Segundo Fernanda, a sua situação ainda é melhor do que a de outras moradoras. “A maioria da comunidade não tem impressora para imprimir as atividades. Aqui, em casa, já imprimi para outras três ou quatro mães”, afirma.
Ensino é prejudicado sem convívio
O professor de pedagogia da Universidade Presbiteriana Mackenzie Paulo Fraga da Silva afirma que o contexto atual deve ser usado para minimizar os danos de tanto tempo sem aulas. "A gente tem que partir do pressuposto de que haverá prejuízo. O contexto da relação do aluno com colegas e professores se perde com o distanciamento", diz.
Silva afirma que vê até com boa vontade as iniciativas de estado e município para manter alunos e professores mobilizados, mas diz que é fundamental que gestores resolvam alguns problemas como a dificuldade de conexão.
Sindicato quer mais recursos para alunos
Presidente do Sinpeem (Sindicato dos Profissionais em Educação no Ensino Municipal de São Paulo), Claudio Fonseca afirma que, em primeiro lugar, é necessário manter o isolamento social para manter a saúde alunos e professores. Explica, também, que vivemos um período fora do comum em decorrência do coronavírus e que estão sendo exigidos da prefeitura todos os meios e recursos para garantir o direito universal à educação.
“Quem não tem meios para ter conteúdo não pode ser prejudicado. O próprio professor que não consegue acessar as plataformas não pode ter desconto do ponto, por exemplo”, afirma.
Segundo Fonseca, 40% dos alunos da rede municipal não têm acesso à internet ou a equipamento adequado para a aprendizagem online. O presidente do Sinpeem diz que o sindicato defende o ensino presencial, mas que, diante das limitações, esse período deve ser usado para se manter o contato entre a escola e os alunos, até para evitar desistências no futuro.

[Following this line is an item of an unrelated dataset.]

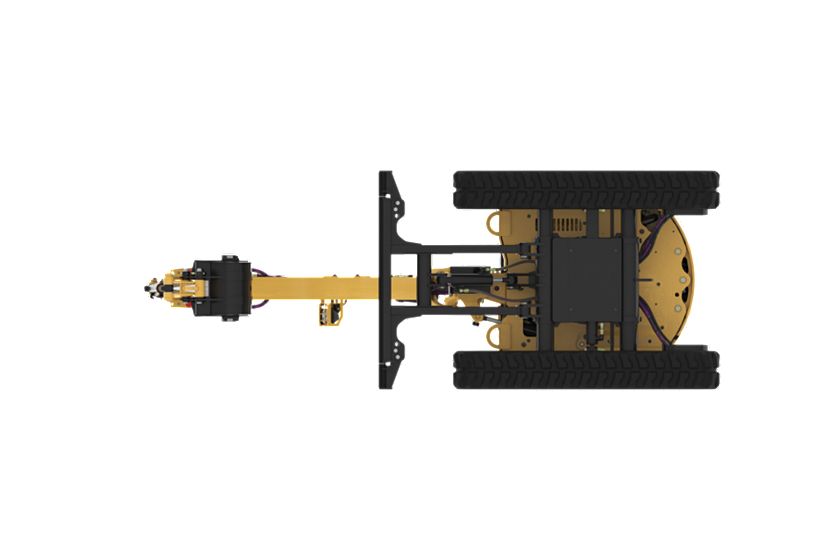 Bottom View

“O sistema de ensino pode ser reorganizar para fazer o que é relevante após esse período.”
Resposta
A Secretaria Municipal da Educação, sob a gestão Bruno Covas (PSDB), afirma que já entregou mais de 1 milhão de materiais impressos via Correios, nas casas dos estudantes desde 13 de abril. “O material enviado traz explicações de como os pais podem organizar uma rotina de estudo para crianças, e também foca no material impresso atendendo assim as famílias que não têm como disponibilizar computadores, celulares e acesso à internet”, afirma, em nota.
Segundo a secretaria, os envios que não forem finalizados pelo Correio serão entregues nas escolas e as famílias serão comunicadas. A prefeitura diz que fará avaliação no retorno das aulas presenciais para definir estratégias.
O subsecretário estadual da Educação, Henrique Pimentel, afirma que a avaliação de meio de processo serve para ver como está a aprendizagem ao longo do ano.
“Não é obrigatória e nem vai contar como reprovação ou não. A gente enviou para a casa para terem como um exercício”, diz.
Segundo Pimentel, mais de 1,6 milhão de alunos acessam diariamente os centros de mídia, mais de 400 mil o Youtube e mais de 300 mil em redes sociais, além da TV aberta.